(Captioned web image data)
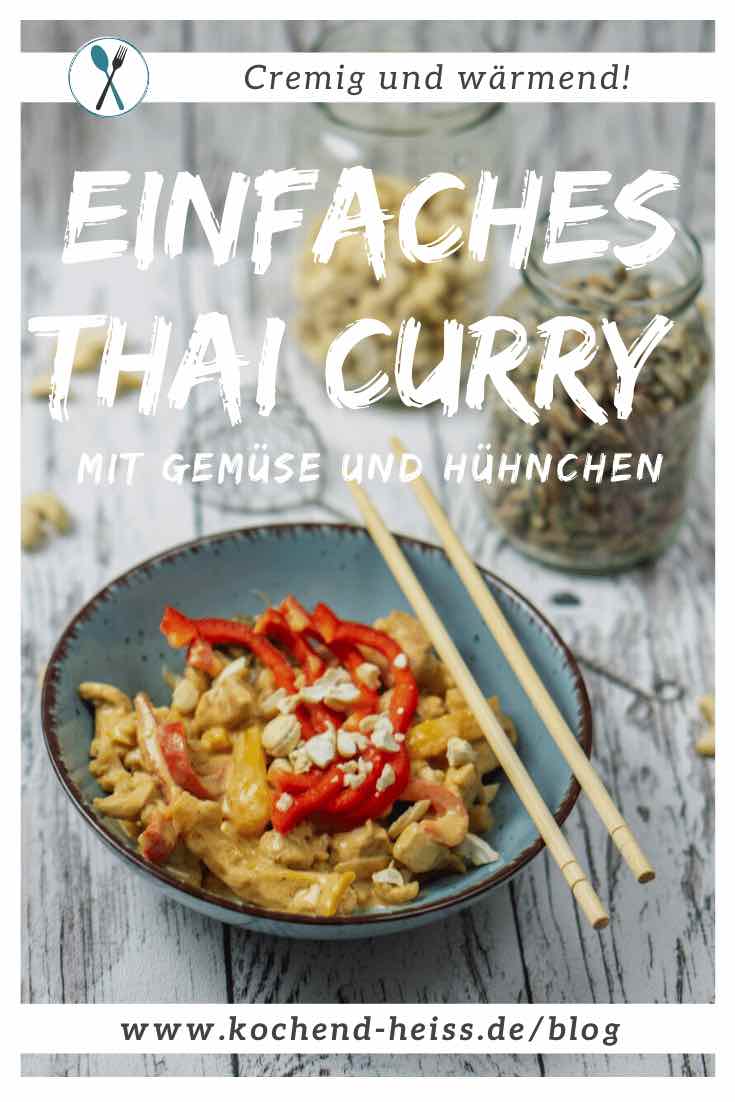 Einfaches Thai Curry mit Gemüse und Hühnchen Pinterest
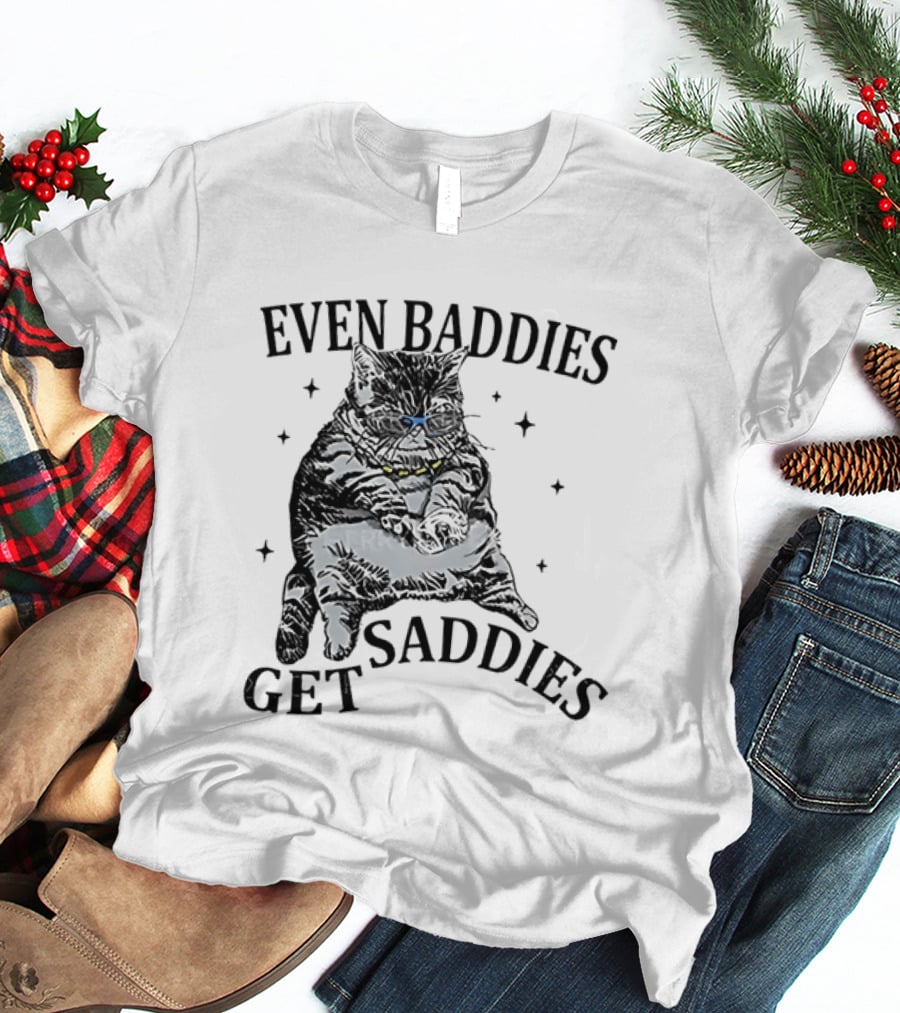 Even Baddies Get Saddies Cat Baddie Saddie T-Shirt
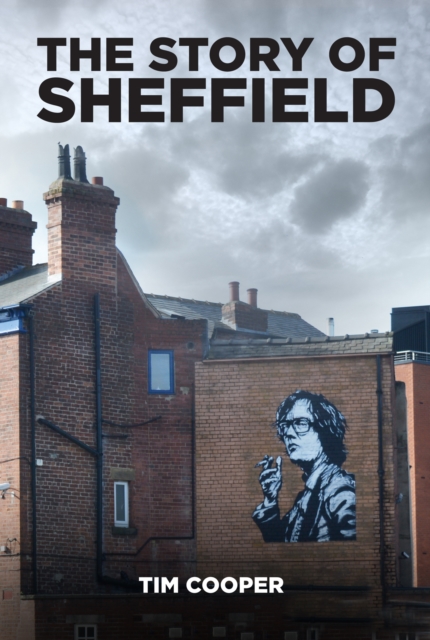The Story of Sheffield, Paperback / softback Book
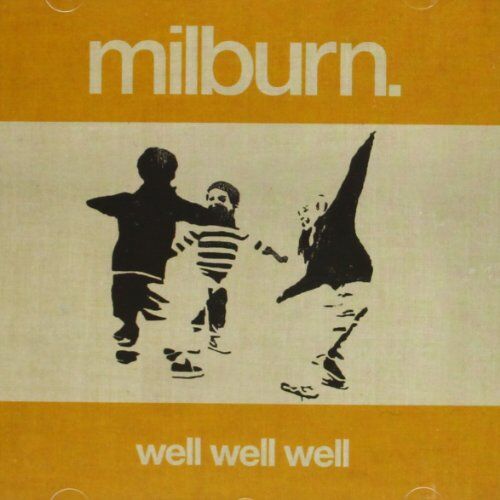 Milburn - Well Well Well - Preis vom 09.10.2026 07:28:09 h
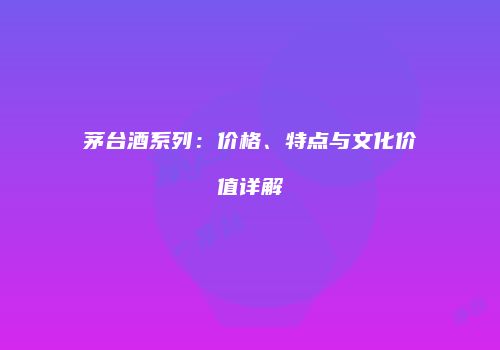茅台酒系列：价格、特点与文化价值详解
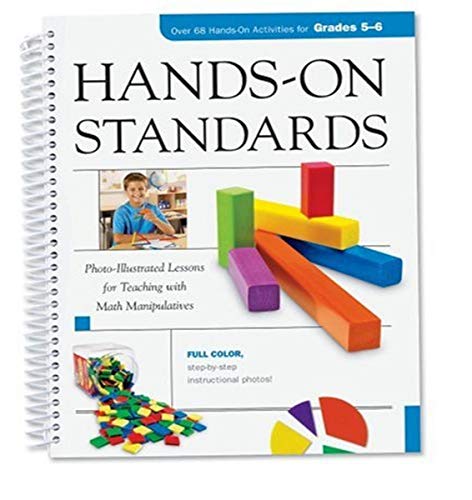Learning Resources LER0853 Hands-on Standards Photo-Illustrated Lessons for Teaching with Math Manipulatives-Grades 5-6
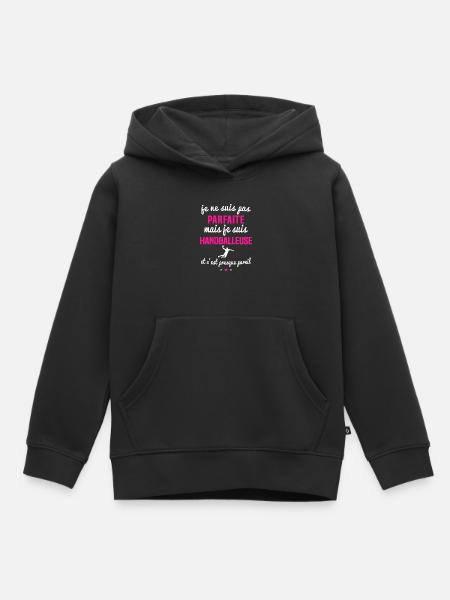 je ne suis pas parfaite mais je suis handballeuse - Sweat Premium à capuche enfant bio - noir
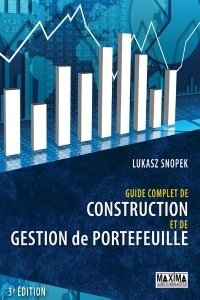 Guide complet de construction et de gestion de portefeuille 3ème édition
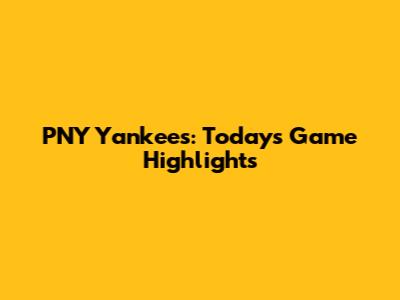 PNY Yankees: Today's Game Highlights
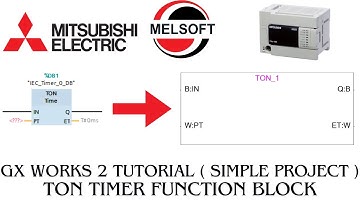 Gx works 2 TON timer function block turorial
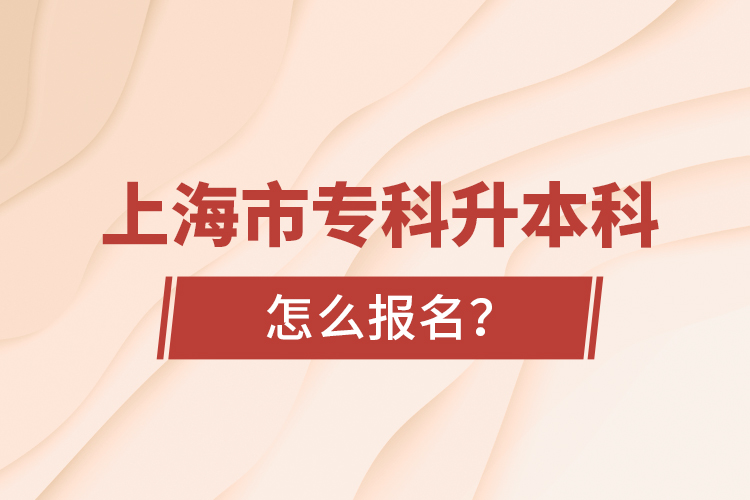 上海市專科升本科怎么報名？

What to produce.
Write out each line of the data exactly; the images should be left out.

Solution for this task.
 Einfaches Thai Curry mit Gemüse und Hühnchen Pinterest
 Even Baddies Get Saddies Cat Baddie Saddie T-Shirt
The Story of Sheffield, Paperback / softback Book
 Milburn - Well Well Well - Preis vom 09.10.2026 07:28:09 h
茅台酒系列：价格、特点与文化价值详解
Learning Resources LER0853 Hands-on Standards Photo-Illustrated Lessons for Teaching with Math Manipulatives-Grades 5-6
 je ne suis pas parfaite mais je suis handballeuse - Sweat Premium à capuche enfant bio - noir
 Guide complet de construction et de gestion de portefeuille 3ème édition
 PNY Yankees: Today's Game Highlights
 Gx works 2 TON timer function block turorial
 上海市專科升本科怎么報名？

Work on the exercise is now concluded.